DATA EXTRACT below:

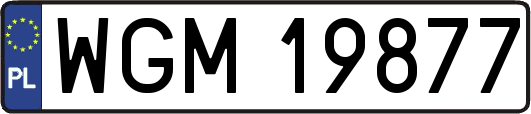 WGM19877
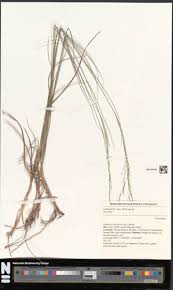 Image result for Eragrostis prolifera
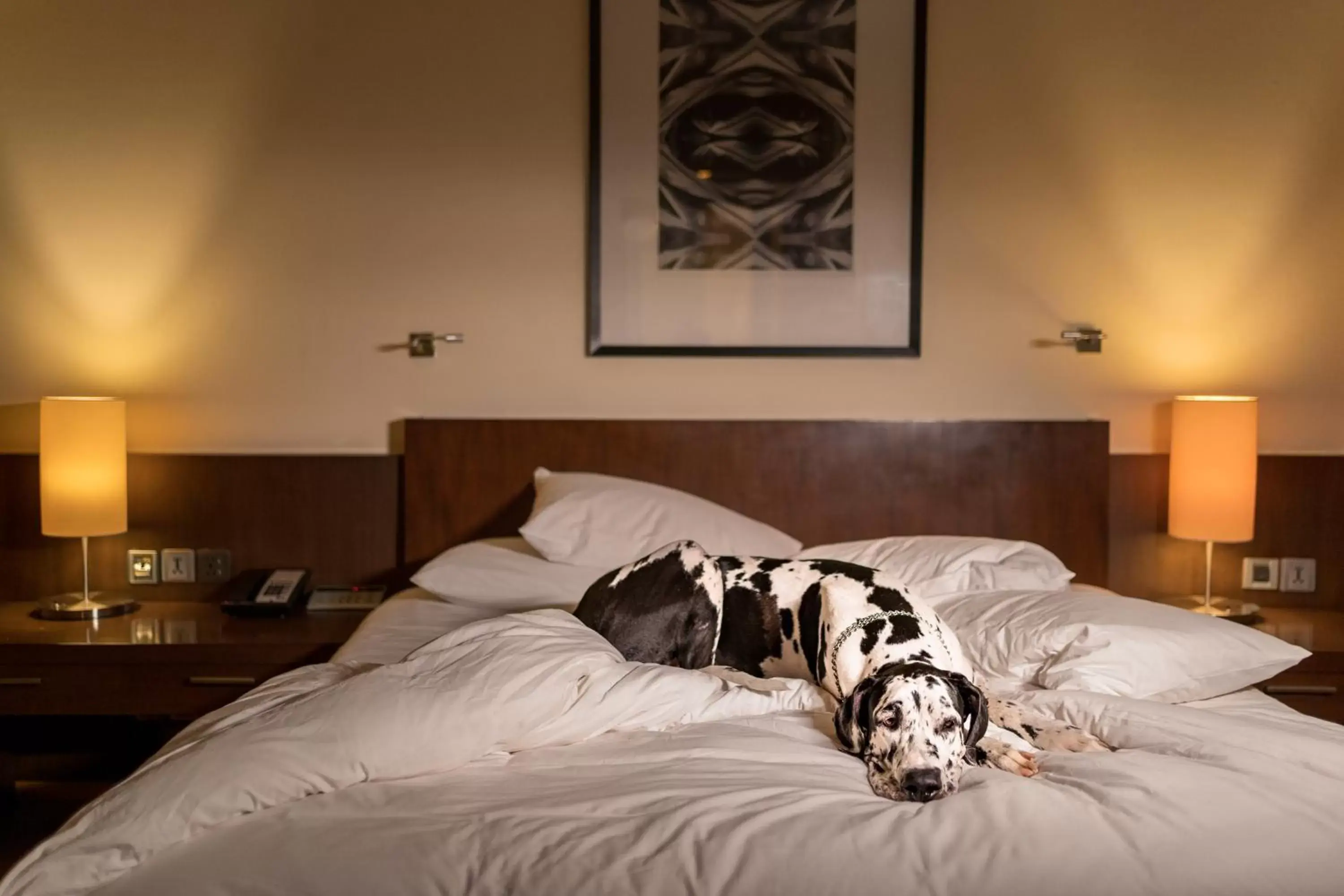 Pets, Bed in Hyatt Hyderabad Gachibowli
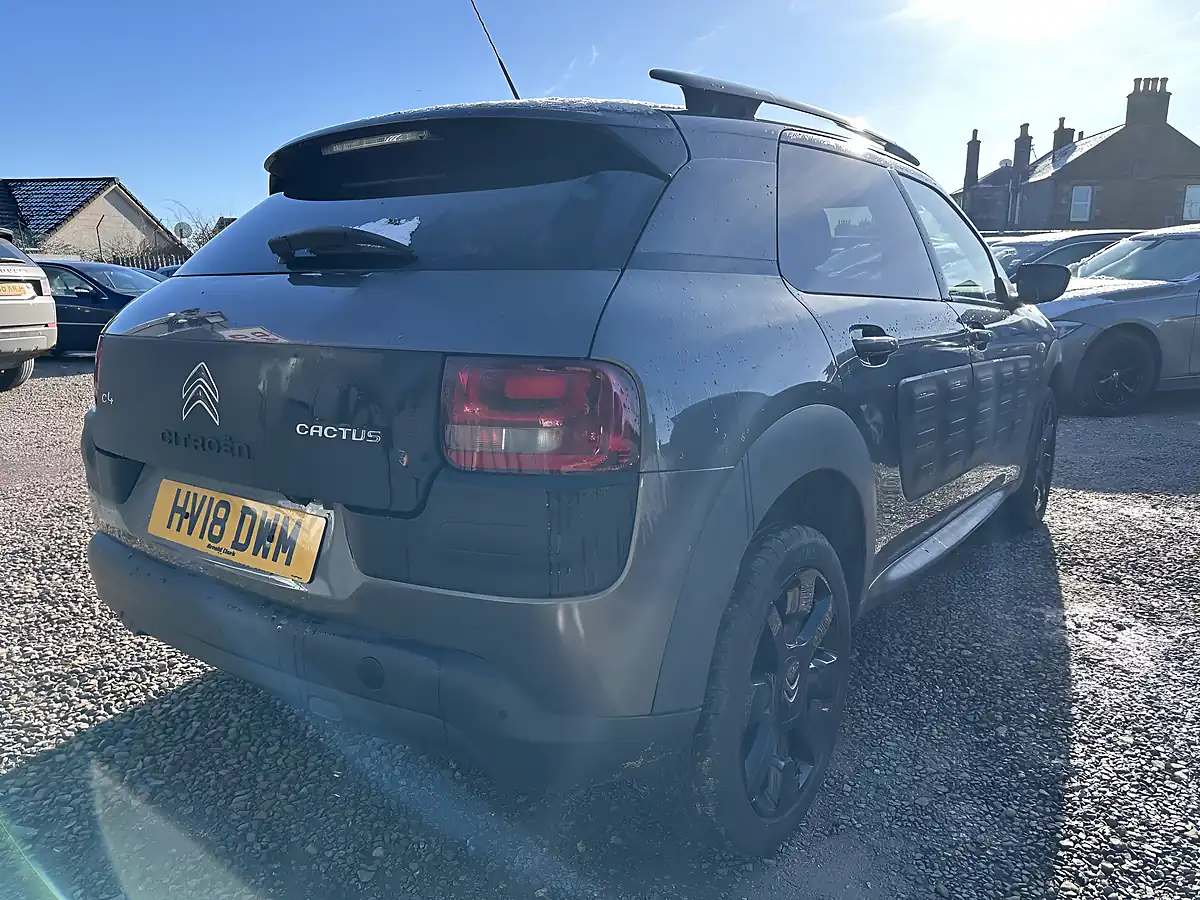 Used 2018 Citroen C4 Cactus Flair Grey - Interior and Exterior details 13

End of DATA EXTRACT.

EXERCISE GOAL
Print the material above exactly, skipping its images.

YOUR SOLUTION
 WGM19877
 Image result for Eragrostis prolifera
 Pets, Bed in Hyatt Hyderabad Gachibowli
 Used 2018 Citroen C4 Cactus Flair Grey - Interior and Exterior details 13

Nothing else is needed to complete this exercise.